- _Requirement_:
Write out, word for word and with no pictures, each line below from the one containing "Everyday Knit Maxi" through the one containing "Oni će biti", both included, and no other line.

- _Information supplied_:

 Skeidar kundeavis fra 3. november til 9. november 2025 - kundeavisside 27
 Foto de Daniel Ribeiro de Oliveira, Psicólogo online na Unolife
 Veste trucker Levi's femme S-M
* * *
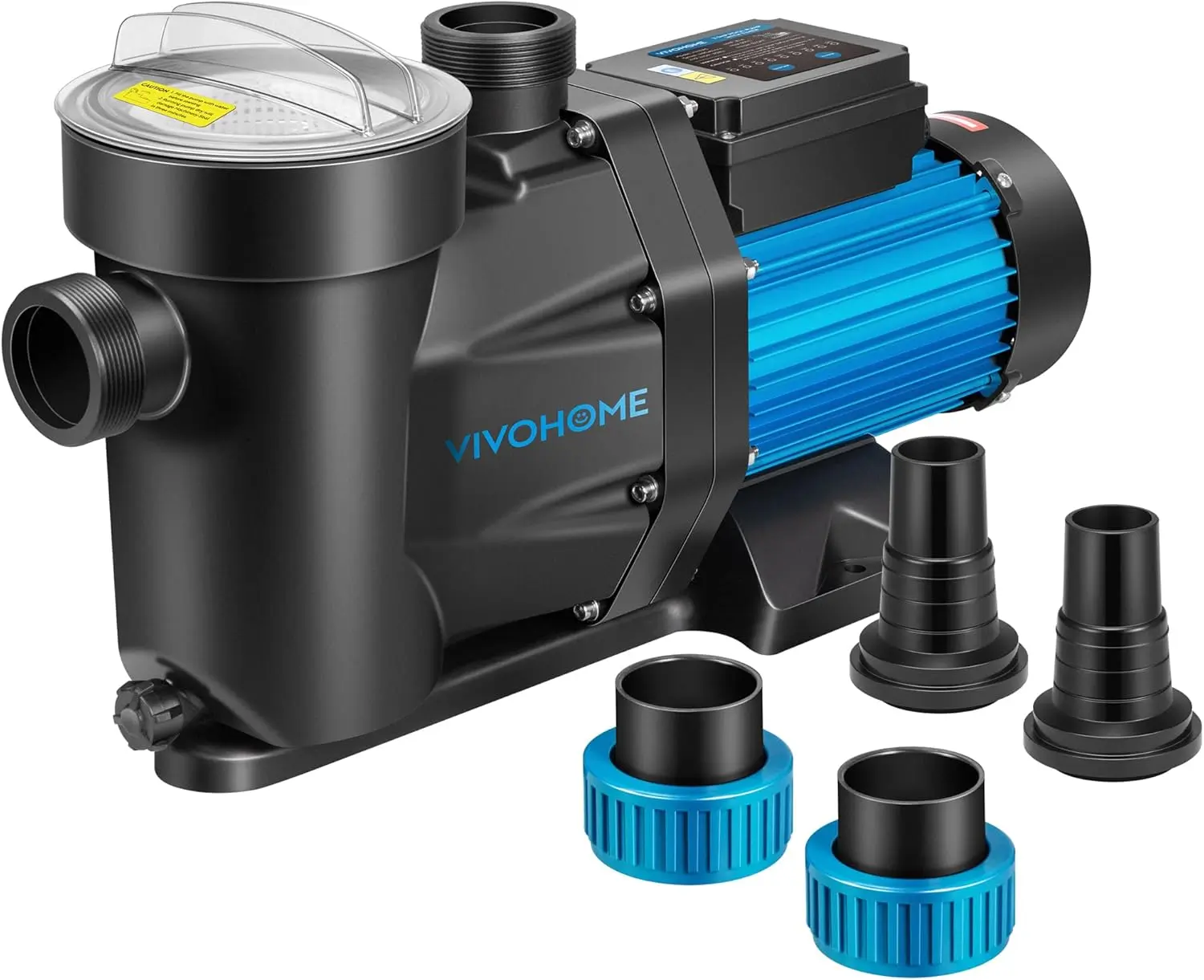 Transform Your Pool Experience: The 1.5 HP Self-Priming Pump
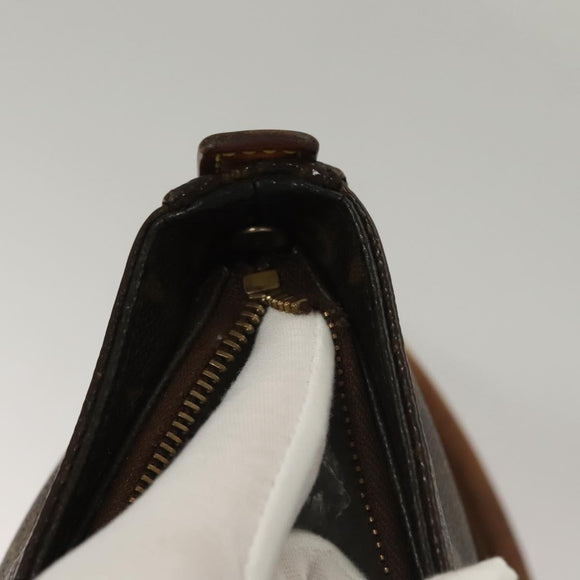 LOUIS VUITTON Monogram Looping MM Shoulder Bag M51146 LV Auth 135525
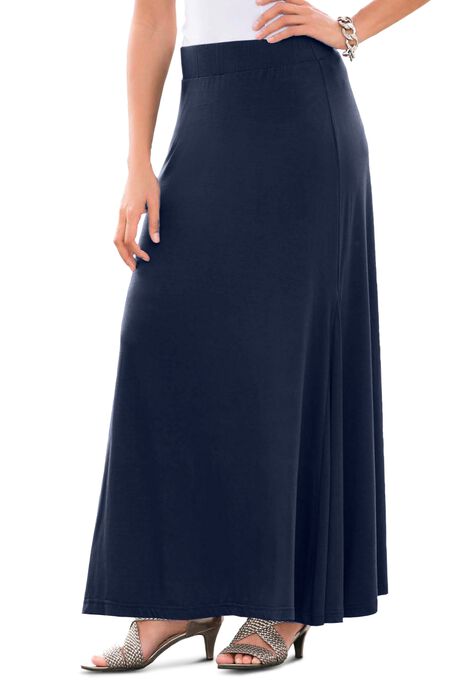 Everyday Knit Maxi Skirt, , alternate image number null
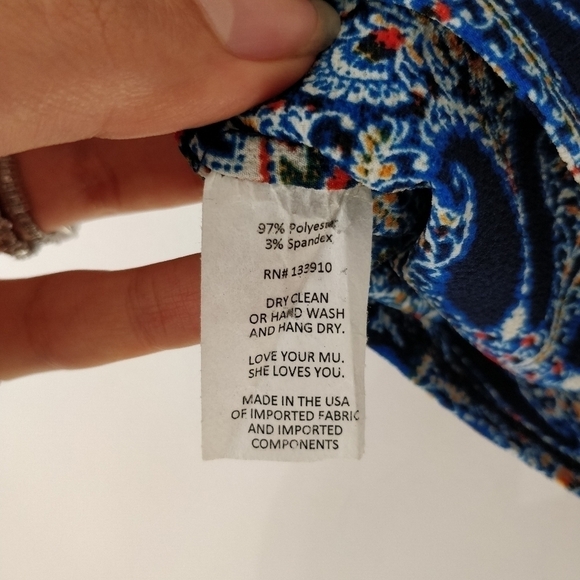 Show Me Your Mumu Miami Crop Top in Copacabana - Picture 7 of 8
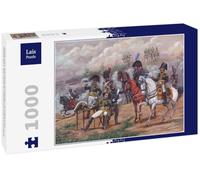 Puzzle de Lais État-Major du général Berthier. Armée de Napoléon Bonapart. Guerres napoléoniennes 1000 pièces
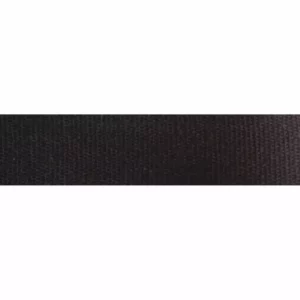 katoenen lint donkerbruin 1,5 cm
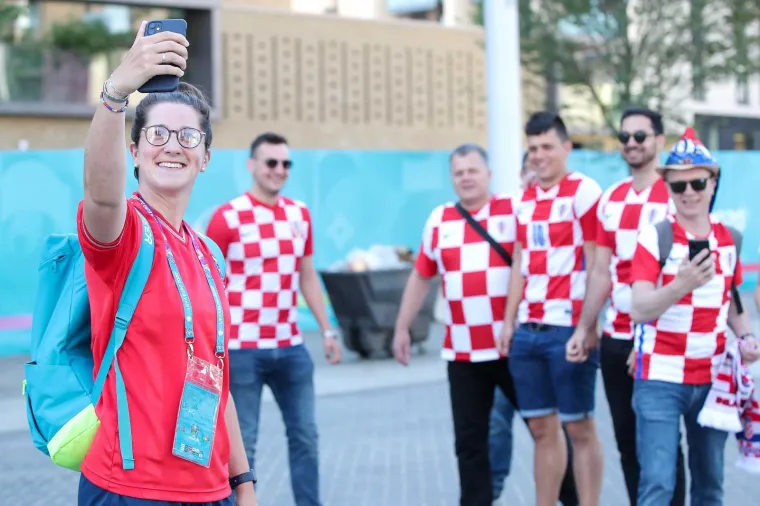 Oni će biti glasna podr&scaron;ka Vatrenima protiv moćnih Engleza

- _Answer below_:
 Everyday Knit Maxi Skirt, , alternate image number null
 Show Me Your Mumu Miami Crop Top in Copacabana - Picture 7 of 8
 Puzzle de Lais État-Major du général Berthier. Armée de Napoléon Bonapart. Guerres napoléoniennes 1000 pièces
 katoenen lint donkerbruin 1,5 cm
 Oni će biti glasna podr&scaron;ka Vatrenima protiv moćnih Engleza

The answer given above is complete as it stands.